01 November 2020, 13:57 | #1 |
<optimized out>
Join Date: Sep 2020
Location: <optimized out>
Posts: 321
|
General question about efficiency and WORDs vs LONGs
I've moved onto the next step of my little toy project and I'm now drawing polygons. I've rasterized them using Bresenham storing the edge points in an array and I'm drawing lines between matching points, currently using a LineTo function that calls my SetPixel function over and over.

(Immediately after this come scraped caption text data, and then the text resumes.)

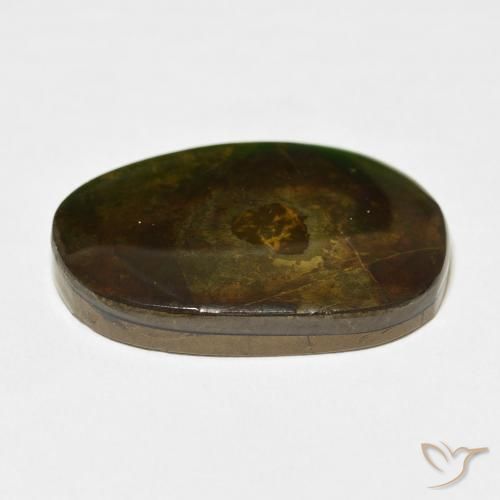 Ammolite Multicolore naturelle Fantaisie, 21.49 ct, Opaque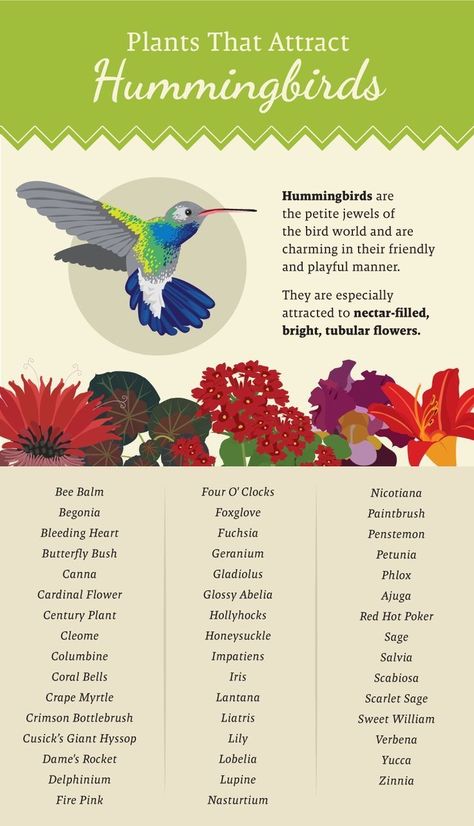 Plants For Hummingbirds, Garden Beds Layout, Raised Garden Beds Layout, Butterfly Garden Plants, Hummingbird Plants, Attract Hummingbirds, Hummingbird Flowers, Hummingbird Garden, How To Attract Birds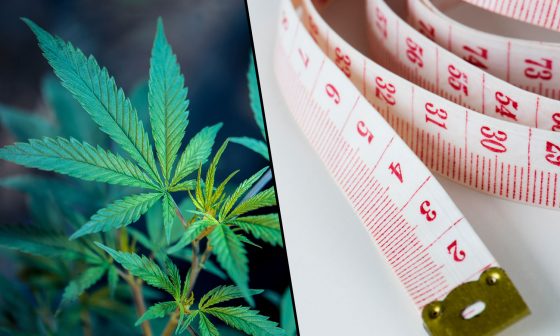 How CBD Can Potentially Combat Obesity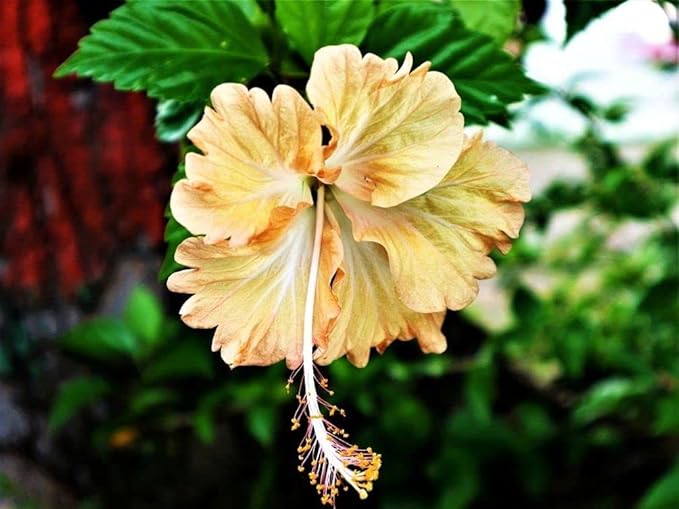 Flower Seeds 100 + Seeds Double Color Hibiscus Seeds Hardy Flower Easy Grow Seed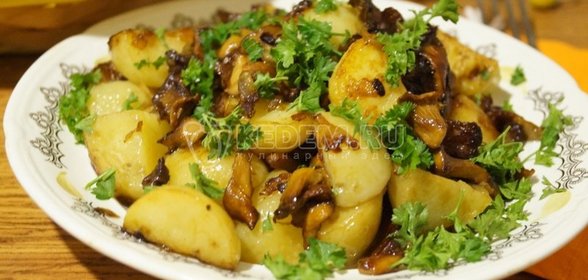Лисички жареные с картофелем
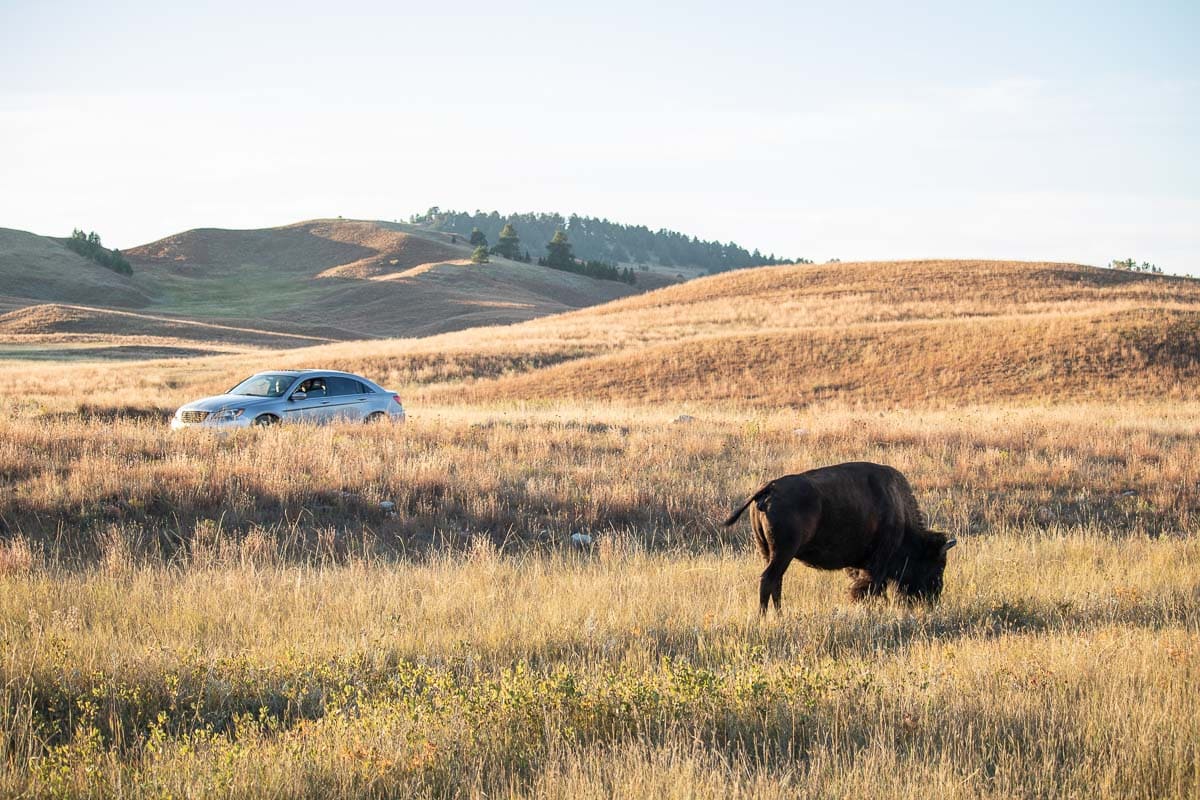 Bison on NPS 6, Wind Cave National Park, South Dakota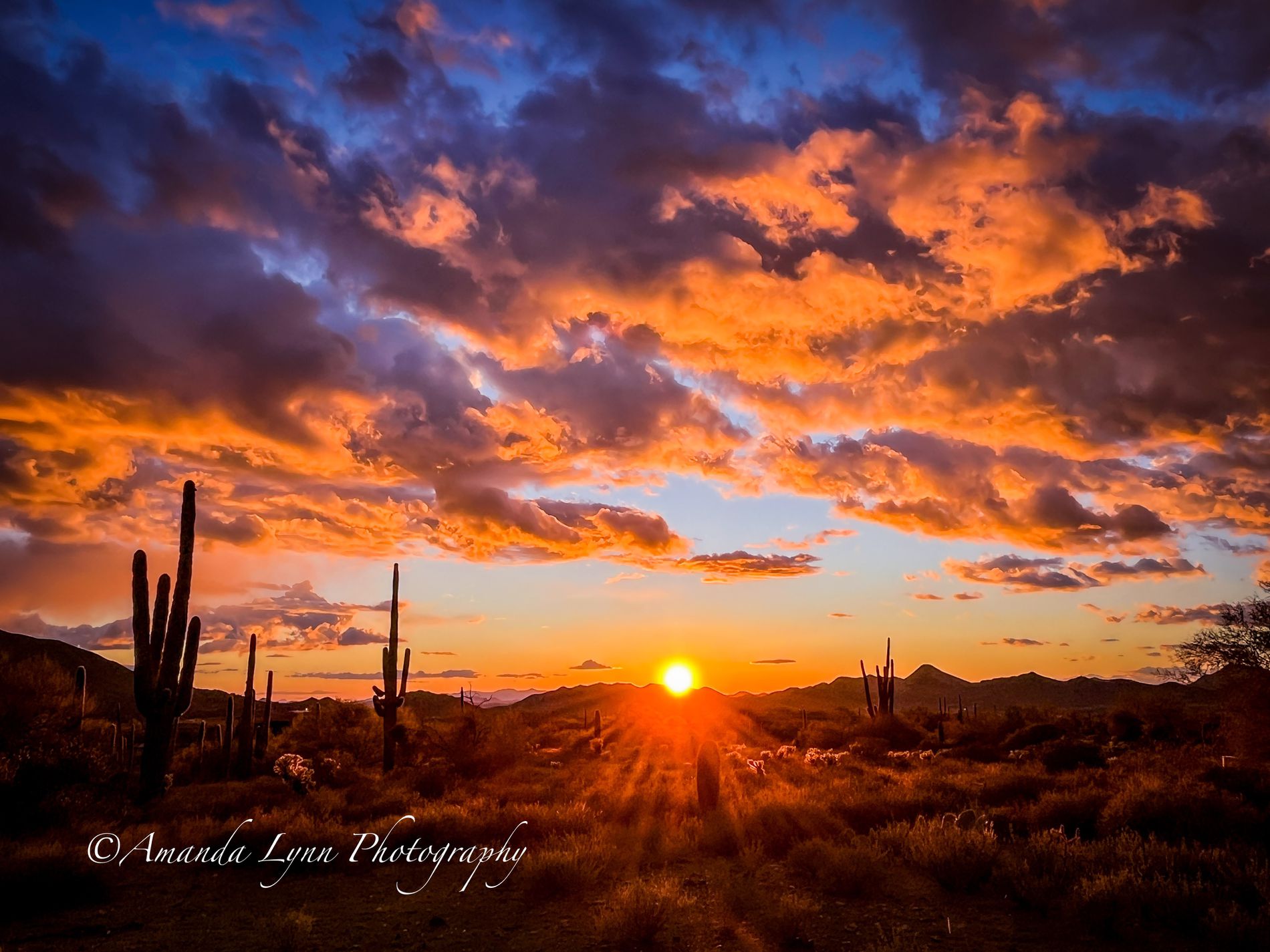 GuruShots March 2026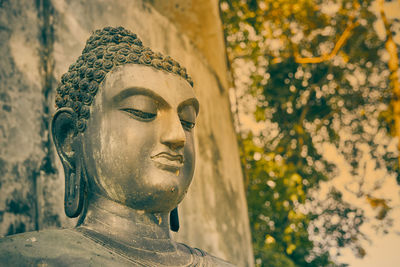 Close-up of statue against blurred background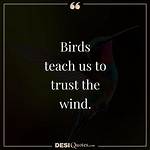 Bird by Bird Literature and Writing Quotes Page 1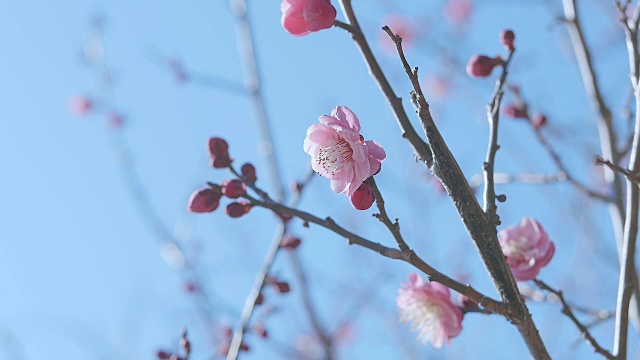 日本红梅，昭和纪念公园，东京，日本视频下载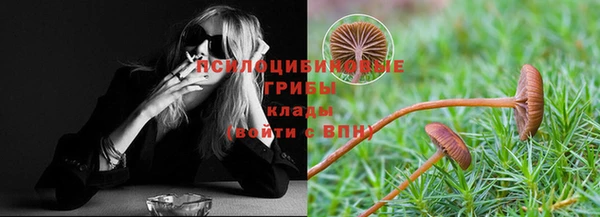 стафф Абинск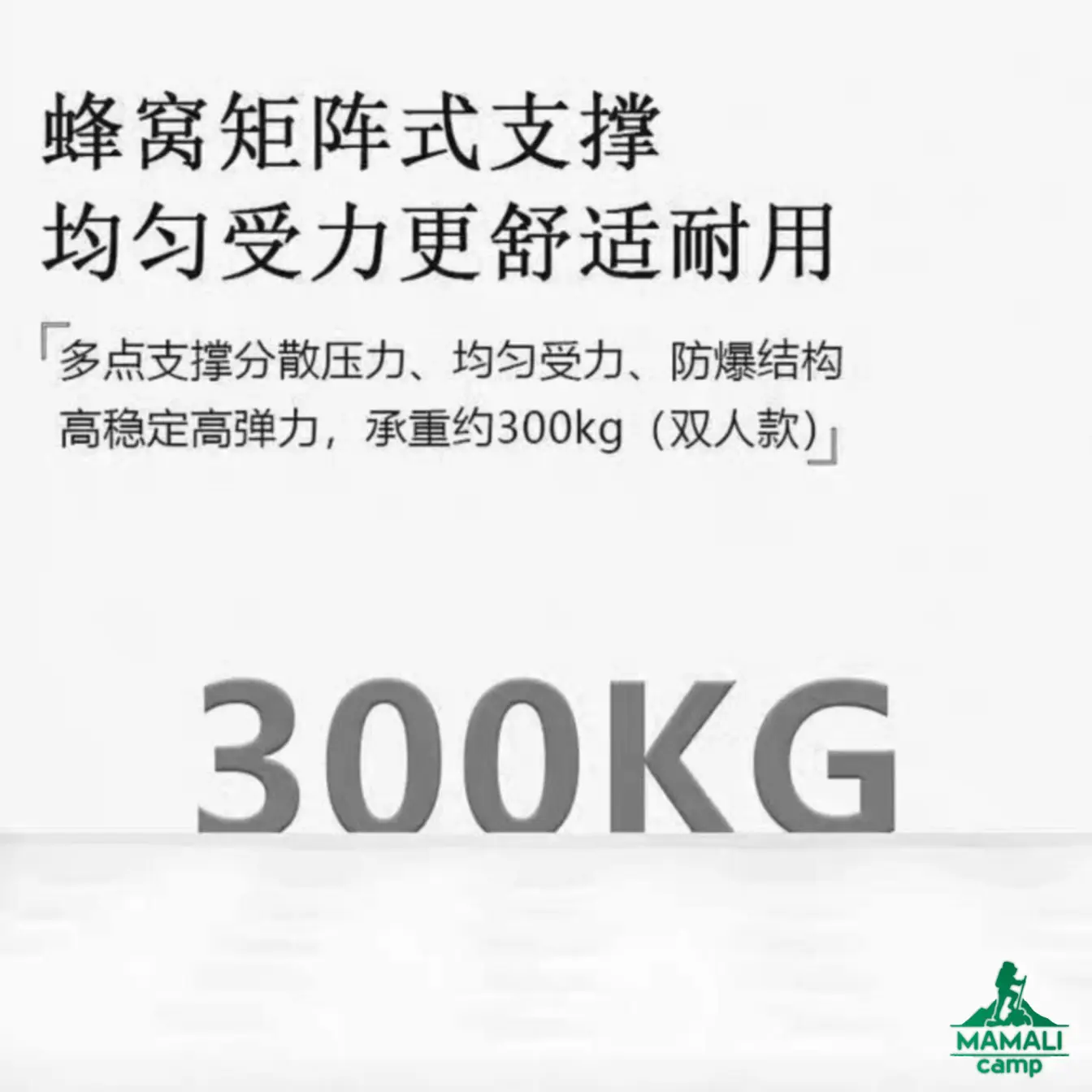 تشک بادی پمپ دو نفره کینگ هایک اورجینال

I know that's bad, and I've started writing a DrawLineFaster function for the special case of horizontal lines. This will write either a WORD or a LONG at a time. My gut feeling is that LONGs will be quicker, same number of writes to memory but only half as many instruction fetches. The tradeoff as far as I can see is just the the lookup tables that I think will need to exist for the bits at the start and end that don't fit within the WORD / LONG boundaries will have to be twice as big for the LONG version. Does this sound sensible, or does it sound like I've not understood something? Edit: OCS, standard Amiga 500, deliberately writing in C only, deliberately not using the blitter. Last edited by Ernst Blofeld; 01 November 2020 at 14:48. |
01 November 2020, 14:43 | #2 |
Total Chaos forever!
Join Date: Aug 2007
Location: Waterville, MN, USA
Age: 49
Posts: 2,186
|
You haven't told us your system configuration. An AGA machine has 32-bit busses. OCS and ECS chipsets have 16-bit Chip RAM. While the blitter-based polygon filler is not as fast as a modern system, filling multiple polygons in one step can help it gain some time.
|
01 November 2020, 14:48 | #3 | |
<optimized out>
Join Date: Sep 2020
Location: <optimized out>
Posts: 321
|
Quote:
|
|
01 November 2020, 14:55 | #4 |
Total Chaos forever!
Join Date: Aug 2007
Location: Waterville, MN, USA
Age: 49
Posts: 2,186
|
The 32 bit write won't be any faster or slower than 16 bit writes because the Chip RAM bus accesses give the same number of 16 bit writes regardless of the size being written to them and will delay the second word just as long as if there was another instruction there.
|
01 November 2020, 15:12 | #5 | |
<optimized out>
Join Date: Sep 2020
Location: <optimized out>
Posts: 321
|
Quote:
|
|
01 November 2020, 15:41 | #6 | ||
Registered User
Join Date: Dec 2014
Location: germany
Posts: 439
|
Quote:
Quote:
Code:
move.l d0,(a0)+ Code:
move.w d0,(a0)+ move.w d0,(a0)+ The fastest way would be using the movem instruction for long horizontal lines - then the instruction fetch overhead word vs. long also vanishes. But I do not know how you can trick the compiler into using movem. |
||
01 November 2020, 15:59 | #7 | |
Total Chaos forever!
Join Date: Aug 2007
Location: Waterville, MN, USA
Age: 49
Posts: 2,186
|
Quote:
|
|
01 November 2020, 16:02 | #8 | |
<optimized out>
Join Date: Sep 2020
Location: <optimized out>
Posts: 321
|
Quote:
|
|
01 November 2020, 17:50 | #9 |
Registered User
Join Date: Jul 2015
Location: The Netherlands
Posts: 3,410
|
As far as I've been able to tell, using longwords is faster than using words for 32 bit writes, even on the A500. It doesn't appear to matter if the code is in chip memory or fast memory, though if DMA is really busy and code is in fast memory the speed difference does diminish.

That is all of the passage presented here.